» THE TASK
The answer must consist only of the lines in the records below from the line with "中国国产十大音响品牌有山水" to the line with "Bright living room", both included, copied word for word with every picture left out.

» RECORDS SUPPLIED
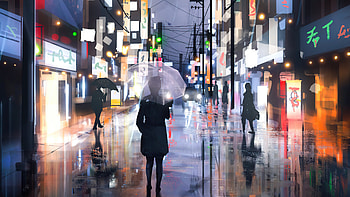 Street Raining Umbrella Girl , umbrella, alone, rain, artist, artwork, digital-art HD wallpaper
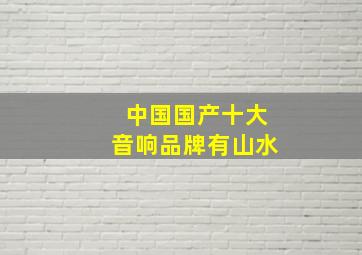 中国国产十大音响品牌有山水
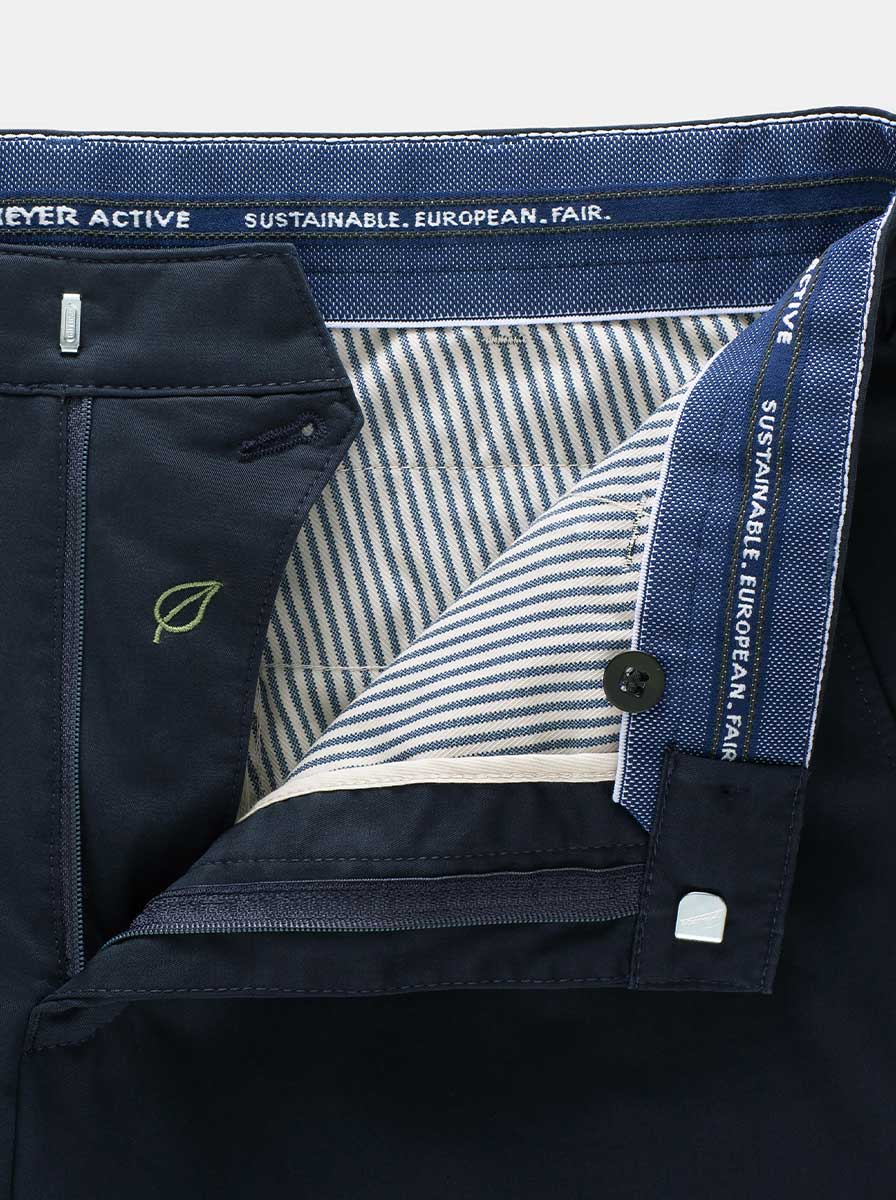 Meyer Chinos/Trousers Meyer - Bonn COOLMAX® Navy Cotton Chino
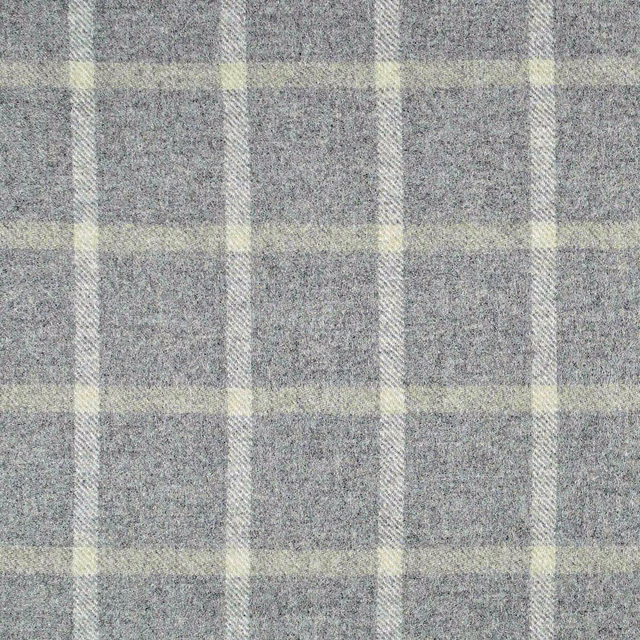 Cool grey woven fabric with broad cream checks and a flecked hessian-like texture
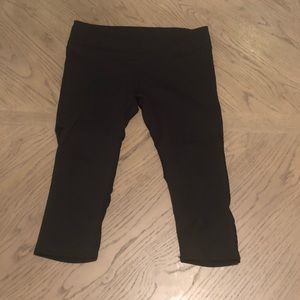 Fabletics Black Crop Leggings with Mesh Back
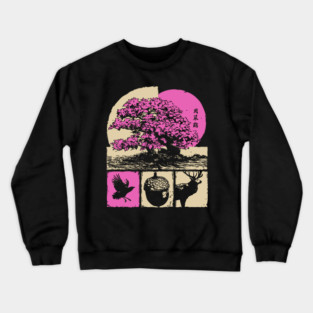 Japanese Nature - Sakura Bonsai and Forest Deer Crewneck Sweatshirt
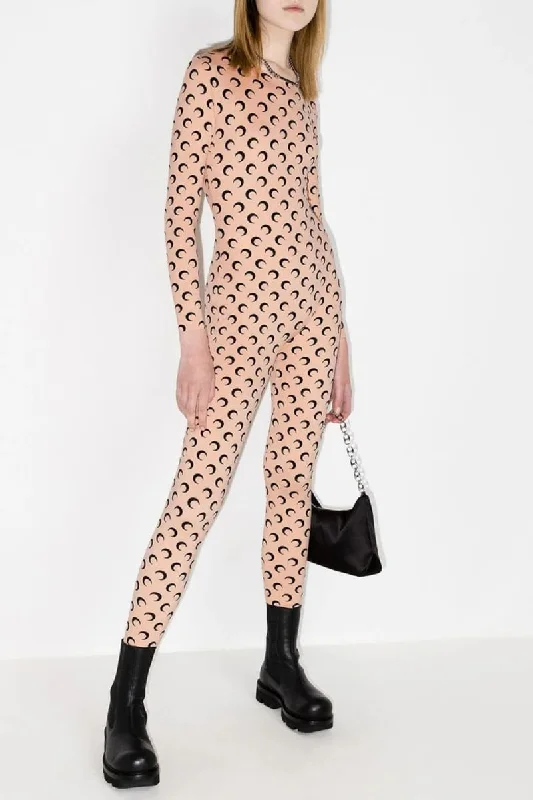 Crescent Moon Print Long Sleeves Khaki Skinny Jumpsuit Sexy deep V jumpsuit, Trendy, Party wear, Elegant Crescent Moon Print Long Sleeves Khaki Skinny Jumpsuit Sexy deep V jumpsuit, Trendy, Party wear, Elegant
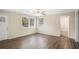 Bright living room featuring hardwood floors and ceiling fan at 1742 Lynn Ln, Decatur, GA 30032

...

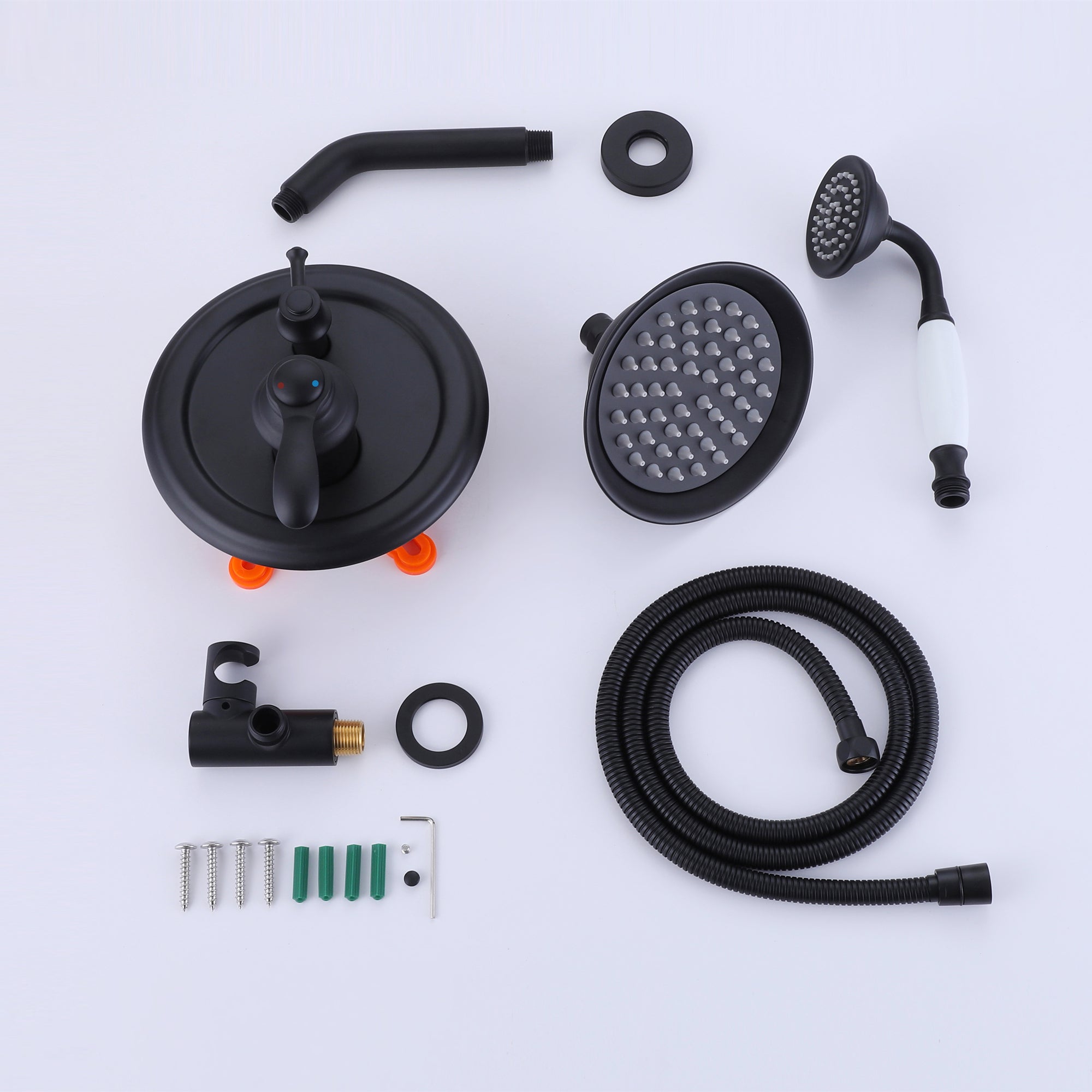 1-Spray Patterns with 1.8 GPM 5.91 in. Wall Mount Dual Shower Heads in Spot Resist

---

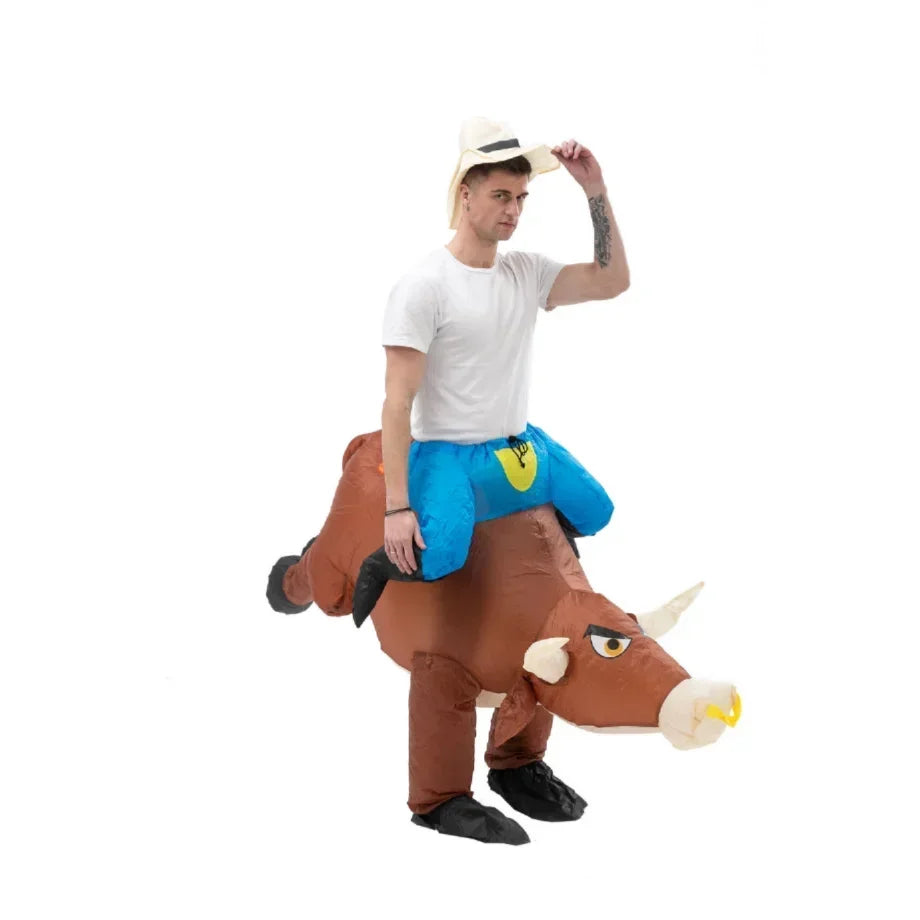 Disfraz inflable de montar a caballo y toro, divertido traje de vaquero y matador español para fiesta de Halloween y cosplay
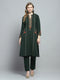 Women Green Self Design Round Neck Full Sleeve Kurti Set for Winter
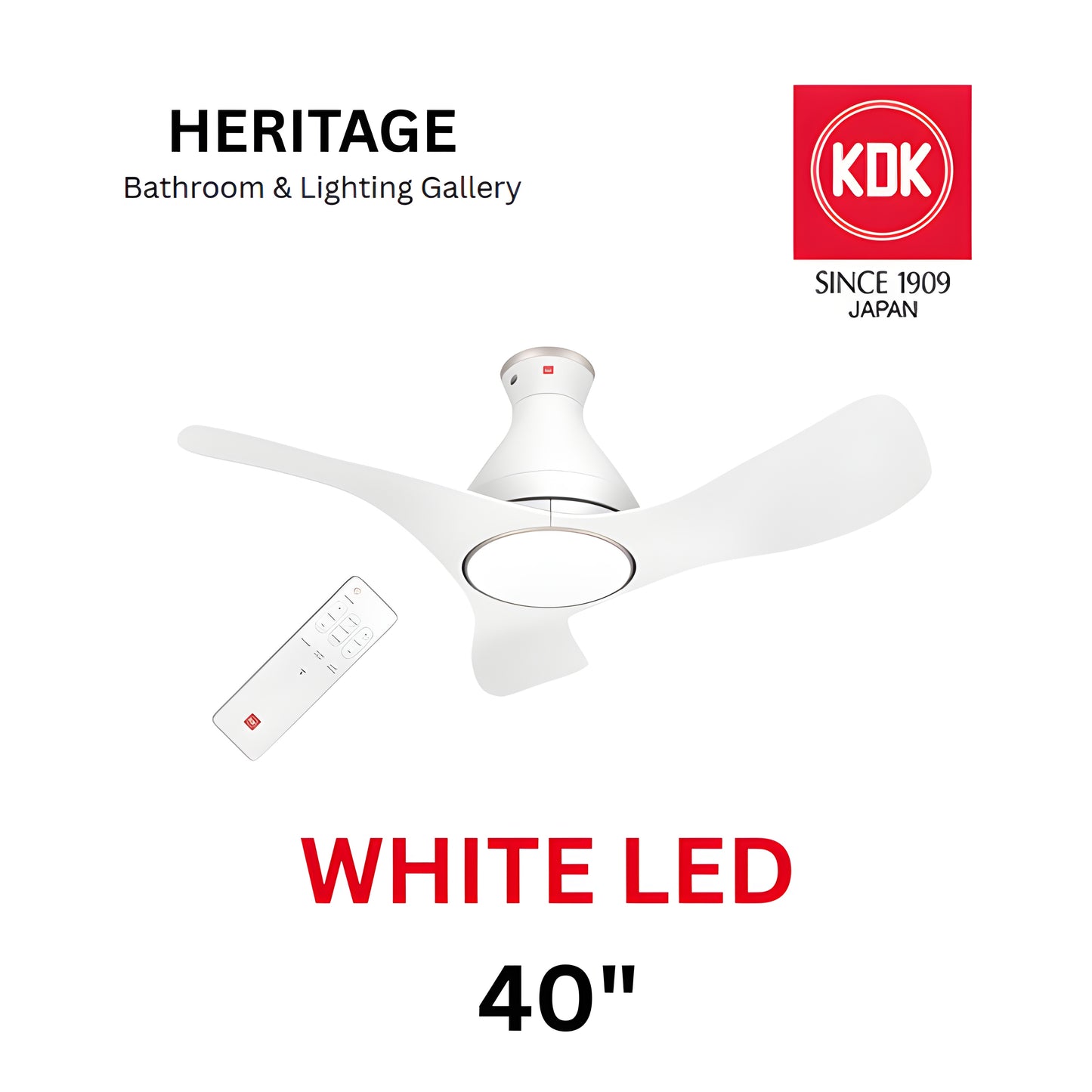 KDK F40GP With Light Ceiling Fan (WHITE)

» SOLUTION
 中国国产十大音响品牌有山水
 Meyer Chinos/Trousers Meyer - Bonn COOLMAX® Navy Cotton Chino
 Cool grey woven fabric with broad cream checks and a flecked hessian-like texture
 Fabletics Black Crop Leggings with Mesh Back
 Japanese Nature - Sakura Bonsai and Forest Deer Crewneck Sweatshirt
 Crescent Moon Print Long Sleeves Khaki Skinny Jumpsuit Sexy deep V jumpsuit, Trendy, Party wear, Elegant Crescent Moon Print Long Sleeves Khaki Skinny Jumpsuit Sexy deep V jumpsuit, Trendy, Party wear, Elegant
 Bright living room featuring hardwood floors and ceiling fan at 1742 Lynn Ln, Decatur, GA 30032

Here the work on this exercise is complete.